Homily for the 2nd Sunday of Ordinary Time. Jan. 18, 2026. The Gospel of John 1:29-34. Theme: Behold the Lamb of God!
If there’s a title for Jesus that we Catholics hear the most and yet probably understand the least, I would say that it’s the one proclaimed in today’s Gospel: Lamb of God. We are so familiar with saying it and hearing it at every Mass that I think it may have become just one more of those “Catholic things” that we no longer stop to really think about because they are so familiar to us. It’s kind of like the way so many of us look upon a crucifix. We are so used to it being on the walls of our churches or homes that we no longer really see it for what it is: the bloody corpse of a tortured man. But the thought of Jesus as “Lamb of God” should arouse within us the same sentiments of pity, love, and gratitude as that of the cross. Why? Because they are really one and the same thing just expressed in two different ways.

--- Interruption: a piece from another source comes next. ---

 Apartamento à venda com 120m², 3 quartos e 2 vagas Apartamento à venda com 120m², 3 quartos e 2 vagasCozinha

To grasp this connection we need to take a brief look at the religious worship of Judaism, the spiritual womb out of which Christianity was born. The religion of the Old Testament was significantly associated with animal sacrifices offered in atonement for sin. Lambs, whose white wool coats became symbols of purity and holiness, had a preeminent role in these sacrificial Jewish liturgies. And the most important of them was that of Passover which we retell in our Liturgy every Easter. God commanded that the blood of a sacrificed lamb was to be smeared on the doorposts of Hebrew houses in Egypt granting them protection from death. Then, after the family ate the flesh of this sacrificed lamb in a special ritual meal, they took off on the Exodus journey.

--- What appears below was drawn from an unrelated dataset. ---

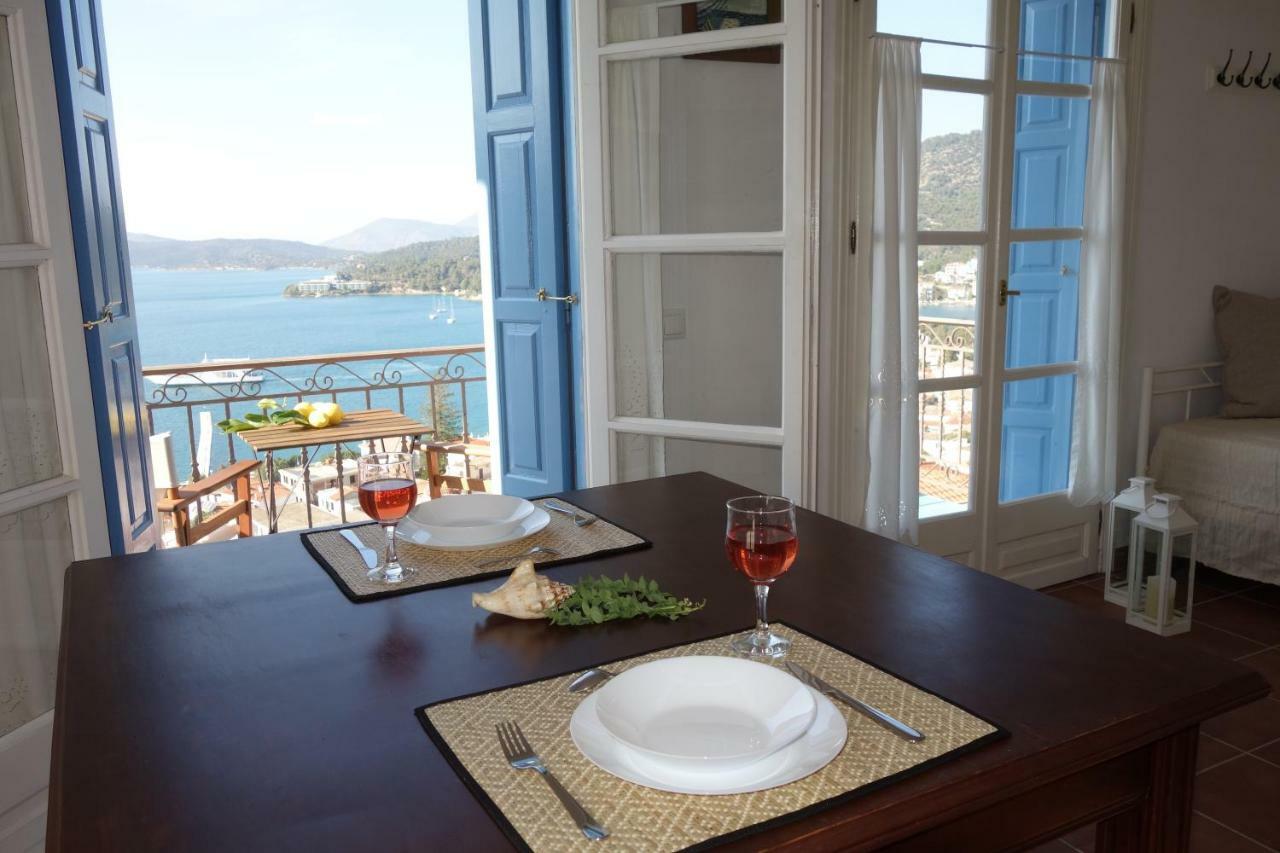شقة Panoramic View Poros Town المظهر الخارجي الصورة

However, these ritual sacrifices were insufficient to actually remove sin and actually wipe away their guilt. Why? Because both the Jewish priest making the sacrifice and the people offering the lamb as a proxy for themselves, were sinful human beings with no power whatsoever to bring about atonement for sin. A better way was needed and God himself provided this better way. You see, the only way that true and effective atonement could be made was if the one making the sacrifice was himself utterly free of sin and motivated by pure and perfect love. In other words, the human race stood in need of a perfect and all-holy human being who would thus be able to offer up a perfect and all-holy sacrifice on behalf of all! And this put us in quite a quandary because no one among us stood before God free from sin!
And so, to make this seemingly impossible condition possible, God himself became man. This was the only way it could be done. With the consent of God the Father and by the power of the Holy Spirit acting upon Mary, God the Son freely gave up the glory of his heavenly realm in order to truly become one of us. And this is why the Gospel of John tells us that, “God so loved the world that he gave his only Son, so that everyone whoever believes in him might not perish but might have eternal life.” (Jn 3:16) Finally, true atonement for sin became possible! The sacrifice of Jesus, the Lamb of God, accomplished what millions of animal sacrifices could never ever do, because it had divine love and divine power behind it. And this sacrifice of Jesus as the victim-lamb had actually been foretold by the prophet Isaiah, 700 years before it took place. He said that the Messiah would be like a lamb brought silently to the slaughter, to take the sins of the people upon himself and wash them away through his blood.
The Passover ritual of the Old Testament was a foretelling of the Great Passover of Jesus Christ, the Lamb of God. His Precious Blood of Atonement was first poured out on Good Friday and then has been ritually re-enacted ever since in every Holy Sacrifice of the Mass. Just before Holy Communion, the priest like St. John the Baptist, points out to us the Lamb of God who takes away the sins of the world. He directs us to turn our eyes towards the Lord, whose heart is full of compassion and pity for us in our weakness. This is why we respond with the plea for healing and forgiveness. Then we acclaim Jesus as the Lamb of God three times, and in the first two of these petitions ask him to “have mercy on us.”
But why do we change the last invocation, to “grant us peace”? Because the Lamb of God brings us serenity of heart since we know we are immensely loved. He bestows upon us serenity of mind because he has brought our sins with him to the cross. And when that Lamb rose triumphantly from the grave our sins remained behind, dead, buried and gone. And so we know that by grace through faith we have been freed from the guilt of our sins and this fills our hearts with a peace that the world cannot give.